A federal court decision this month prohibited officials from automatically housing death row prisoners in solitary confinement — the policy in Texas and many other states — unless a particular need to do so is proven. A Virginia convict had challenged the policy as a violation of his constitutional right to due process.

Virginia officials have said they plan to appeal the decision.

In the past two years, criminal-justice advocates nationally have rallied to lower the number of convicts who are kept in solitary confinement — some kept alone for years — amid assertions that the isolation is driving some prisoners crazy, including those on death row, and might make those prisons more dangerous places.

“Allowing inmates privileges based on good behavior enhances security because it creates incentives for inmates to comply with prison regulations,” Jeanne Woodford, California’s former corrections director, wrote in a letter to Texas officials supporting lessening the current mandatory-solitary policy.

Woodford, a 30-year corrections veteran, was at one time a warden at the famed San Quentin prison in California where the nation’s largest death row is located.

“When inmates are permanently and automatically housed in highly restrictive environments — as they are in Texas — it is more difficult to control their behavior. To make matters worse, complete idleness breeds mental illness, causing inmates to act out and putting correctional officers at risk,” Woodford said.

A dozen advocacy groups — among them, the Texas Defender Service that represents death row convicts, the guards’ union, the Texas Criminal Justice Coalition, the National Alliance on Mental Illness-Texas, the Texas Civil Rights Project, American Civil Liberties Union of Texas, Texas Inmate Family Association and various Catholic and interfaith religious groups — are asking for Texas prison officials to allow contact visits with family members, communal recreation activities between death row prisoners, work assignments, participation in group religious services, TV viewing, arts and crafts, and phone calls to family and attorneys.

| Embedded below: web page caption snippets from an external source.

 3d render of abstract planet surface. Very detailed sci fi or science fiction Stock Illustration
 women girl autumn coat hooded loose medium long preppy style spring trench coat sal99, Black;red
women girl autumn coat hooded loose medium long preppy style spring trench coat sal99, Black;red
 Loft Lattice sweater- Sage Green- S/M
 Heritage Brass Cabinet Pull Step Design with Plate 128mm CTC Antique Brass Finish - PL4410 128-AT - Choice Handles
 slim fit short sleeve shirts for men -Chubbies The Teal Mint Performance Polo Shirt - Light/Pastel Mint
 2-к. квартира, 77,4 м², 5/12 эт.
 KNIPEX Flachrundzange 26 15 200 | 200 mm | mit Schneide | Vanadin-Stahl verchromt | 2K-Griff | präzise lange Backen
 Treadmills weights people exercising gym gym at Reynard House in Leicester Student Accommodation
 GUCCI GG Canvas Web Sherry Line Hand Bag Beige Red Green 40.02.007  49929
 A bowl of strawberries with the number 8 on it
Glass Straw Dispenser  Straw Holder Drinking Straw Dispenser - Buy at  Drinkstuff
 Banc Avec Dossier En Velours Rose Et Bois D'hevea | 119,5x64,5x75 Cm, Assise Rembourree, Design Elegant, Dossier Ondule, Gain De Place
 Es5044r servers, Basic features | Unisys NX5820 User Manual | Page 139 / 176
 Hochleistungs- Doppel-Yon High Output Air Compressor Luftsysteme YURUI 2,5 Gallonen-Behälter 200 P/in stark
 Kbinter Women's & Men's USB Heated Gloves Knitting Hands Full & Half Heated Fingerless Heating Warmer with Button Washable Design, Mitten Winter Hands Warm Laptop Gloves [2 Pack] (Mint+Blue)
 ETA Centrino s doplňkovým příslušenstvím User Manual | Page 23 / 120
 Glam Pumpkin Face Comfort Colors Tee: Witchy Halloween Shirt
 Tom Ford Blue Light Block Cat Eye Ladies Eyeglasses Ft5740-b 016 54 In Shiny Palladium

Attorneys who have filed letters for the policy change are also asking that attorneys be allowed to meet in private with their clients, not with guards present as is policy.

Texas’ solitary confinement policy for death row convicts was imposed after seven condemned murderers launched an escape from the Ellis Unit north of Huntsville in a headline-grabbing breakout in November 1998. Six surrendered before they could get outside the perimeter fences, but the ringleader, Martin Gurule, was able to get away after scaling two 10-foot-high perimeter fences topped with razor wire.

Gurule, 29, sentenced to death for the deaths of two Corpus Christi residents during a restaurant robbery, was found dead several days later after he drowned in a nearby river.

The daring escape, the first from Texas’ death row since a Bonnie-and-Clyde henchman fled in 1934, embarrassed prison officials, who moved death row to a more secure prison outside Livingston, in East Texas, and imposed the solitary-confinement rules that allow convicts out of their cell only up to one hour per day for recreation and, on some days, showers.

Review of the death row housing policy comes as prison officials in the past year have faced increasing criticism over similar confinement rules for thousands of so-called “administrative segregation” convicts who are kept isolated in regular prisons for misbehavior, gang membership or other reasons. Some have been isolated there for years.

“Security experts, correctional officers, religious leaders, mental-health professionals, civil-rights advocates and lawyers understand the import of maintaining security in all TDCJ facilities,” according to a letter sent Tuesday from the groups to prison officials.

The letter insists that the suggested changes “will make things safer and in no way compromise security, reduce the filing of grievances, and even improve the lives of correctional staff, who currently must work in the most hostile and tense of environments.”